Flip a coin until a head comes up. Why is "infinitely many tails" an event we need to consider?

Added: In this answer I take the sample space to be the full "Bernoulli space" $\mathcal{B} = \{T,H\}^{\infty}$. As Qiaochu Yuan points out in a comment to my other answer, this is a valid way to go: we identify a finite sequence $T^n H$ with the subset of infinite sequences with initial segment $T^n H$, and with respect to the natural (product) measure on $\mathcal{B}$, this event has probability $2^{-n-1}$, as it should. This is a more complicated space than the discrete space appearing in my other answer, but it is arguably more natural: the other space was contrived to answer a very specific problem about Bernoulli trials, whereas this space is the space of all Bernoulli trials.

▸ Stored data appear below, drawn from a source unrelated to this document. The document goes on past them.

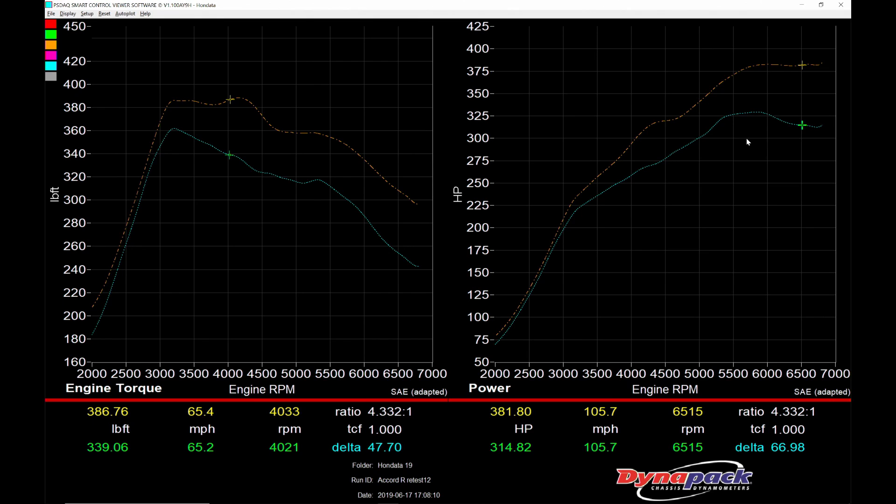Flex fuel on top of the Civic Type R turbo adds 40 to 50 pound-feet of torque pretty much everywhere, and 50 to 65 peak horsepower. This is magnificent at the top end, peaking and holding around 380 horsepower for the last 1000 to 1500 RPM. This Accord now has so much top-end pull.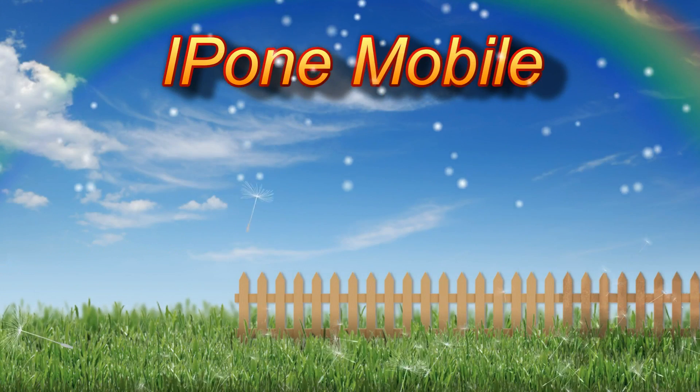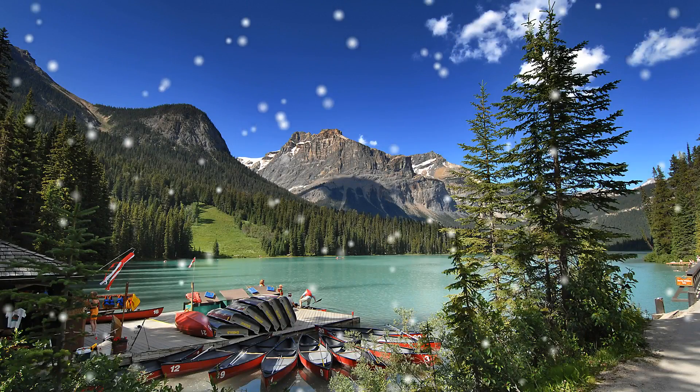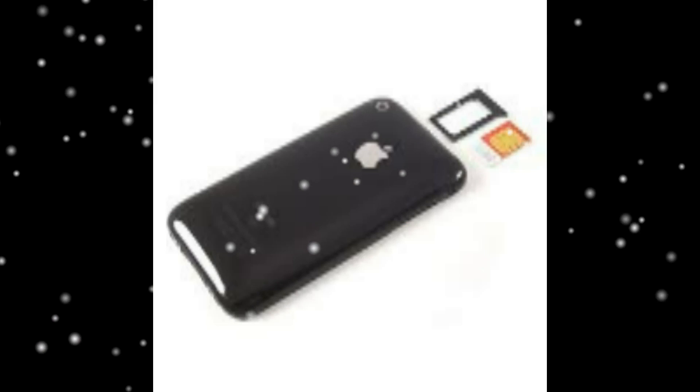iPhone 3G SIM Card Replacement. Apple includes a SIM eject tool with the iPhone 3G. If you don't have this tool, don't worry — an ordinary paperclip works just as well.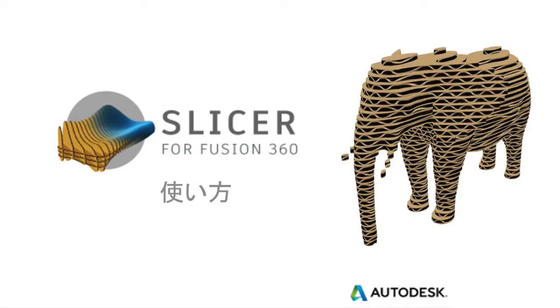Recently I found this free software called Slicer by Fusion 360. Basically what it lets you do is give it an STL and then it'll give you layers based on a thickness. But instead of giving commands for a 3D printer, this one gives you layers to cut as draw files.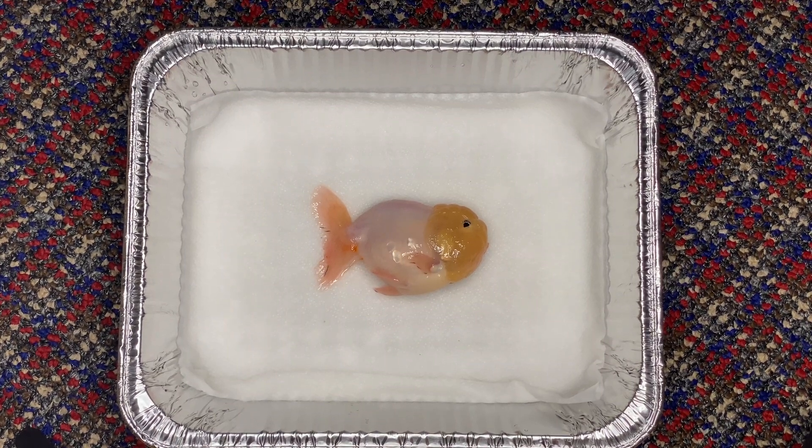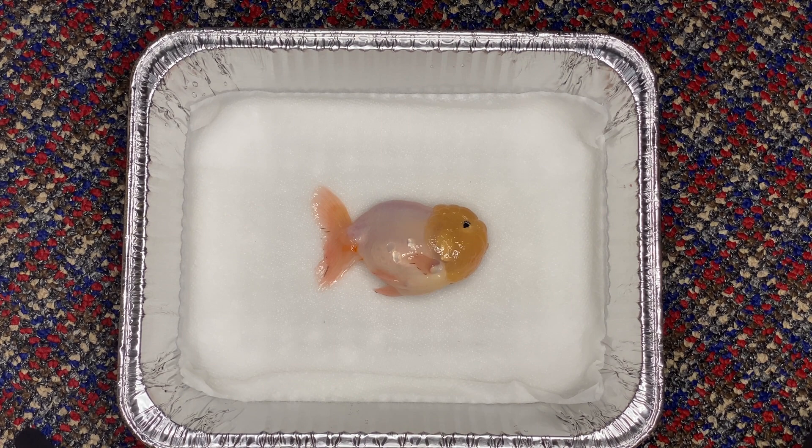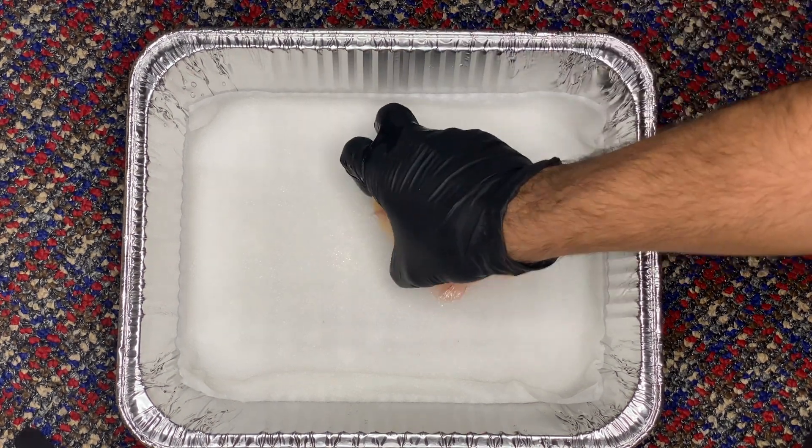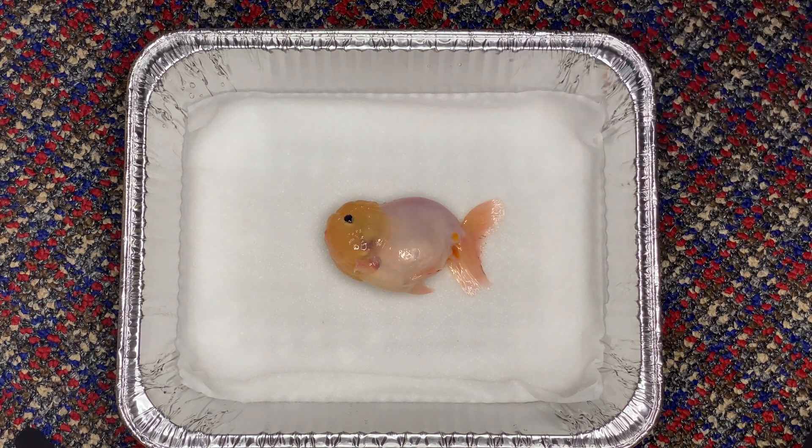Alright guys, so just a warning ahead of time, this will be a very gory and very graphic video. I will be doing a little dissection, just showing the organ placement of my deceased goldfish, Georgie. I had to euthanize him yesterday. This is a video I took right after euthanizing him because I wanted to show what everything looked like fresh, basically right after the goldfish died, before any rotting or decomposition took place.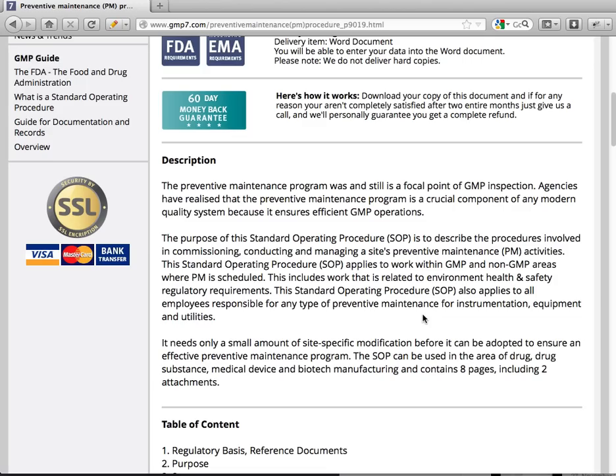The purpose of this standard operation procedure is to describe the procedures involved in commissioning, conducting and managing a site's preventive maintenance activity. This SOP applies to work within GMP and non-GMP areas where PM is scheduled, including work that is related to environmental health and safety regulatory requirements.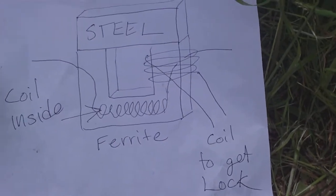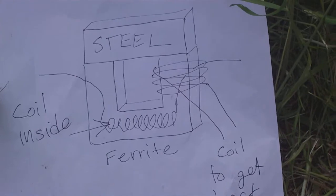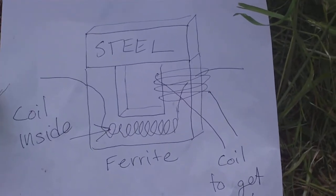I was getting very, very low voltage out of a very crude model that I had made.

You could ask the same question about any element of your sample space: "Why should we bother to have $(H,T,T,H,T,H,H,H,T,\ldots)$ in it -- after all, it only occurs with probability zero."

In this case, every singleton set occurs with probability zero, but if you took them all out you would have no sample space!

Based on your other recent question, I think you should start learning about measures and countable additivity. This has been the mathematical underpinning of probability theory for almost $80$ years.

Note also that the Bernoulli space $\mathcal{B}$ has a beautiful structure -- it can be viewed as $(\mathbb{Z}/2\mathbb{Z})^{\infty}$ and thus endowed with both a group structure and a compatible topology, under which it becomes a compact, totally disconnected abelian topological group. You wouldn't just start pulling points out of a compact topological group, would you? That will ruin everything...


I had previously written an answer which got a fair number of votes. In retrospect, this was a nice answer, but not to this question! (Added: I changed my mind again after reading Qiaochu Yuan's comment. Apologies for leaving two somewhat lengthy answers to the same question. Maybe it will be "educational"?)

The point here is that the sample space here is much simpler than the "Bernoulli space" of countably infinite $\{H,T\}$-valued sequences. This sample space consists of elements $H,TH,TTH,\ldots,T^n H,\ldots$ -- i.e., one element for each $n \in \mathbb{N}$, together with -- perhaps -- the one infinite sequence of all tails.

In particular this sample space is countably infinite. If one is interested only in countably infinite sample spaces then there is no need to bring out measure-theoretic ideas: it is enough to enumerate the elements of the space and assign each element a non-negative real numbered probability in such a way so that the sum of all of these numbers is $1$. Here the element $T^n H$ -- i.e., first $n$ tails, then heads -- should be assigned the probability $\frac{1}{2^{n+1}}$. If we sum over all these singleton probabilities we get $\sum_{n=0}^{\infty} \frac{1}{2^{n+1}} = 1$.

In particular, if we want to put the last point $TTTTT\ldots$ (infinitely many tails) into our space, then we need to assign it probability zero. If you have a discrete probability space then it's true that you don't lose anything by omitting singleton elements of probability zero, any more than you lose anything by omitting zero terms from an infinite series. On the other hand you don't have to omit it: it's legal to put it in and assign it probability zero. Although it won't make any mathematical difference, I would favor doing this from a modelling perspective, because after all flipping a coin infinitely many times and having it come up tails every time is not logically impossible: it just happens that the probability we want to assign to it is zero.


In my opinion it buys us nothing. Let the random variable $X$ be the number of tosses until the first head. If the probability of a tail is anything other than $1$, the sum of the probabilities of $X=n$, as $n$ ranges over the positive integers, is equal to $1$. So "infinitely many tails," if we were interested in it, would have probability $0$. Since it has probability $0$, and all other possible values of $X$ have non-zero probability, we can just forget about this "possibility."


The number of coin tosses until the first head is not a well-defined notion, because of that singular event. Compare it to "the number of coin tosses until the last head".

On the other hand, you could restrict yourself to the set of samples where this random variable $X$ is finite, and then you could ask $\mathbb{E}[X|B]$, where $B$ is the event "$X<\infty$". Since $\Pr[B]=1$, we can ignore the conditioning without effecting the result.

More formally, the r.v. $X$ cannot really attain the value $\infty$. Instead, you need to define it somehow on the tails sample. The exact way won't effect anything since this is a zero-probability event. In fact, usually r.v. are only defined "up to measure zero" anyhow. So the value at the tails sample is "canceled out".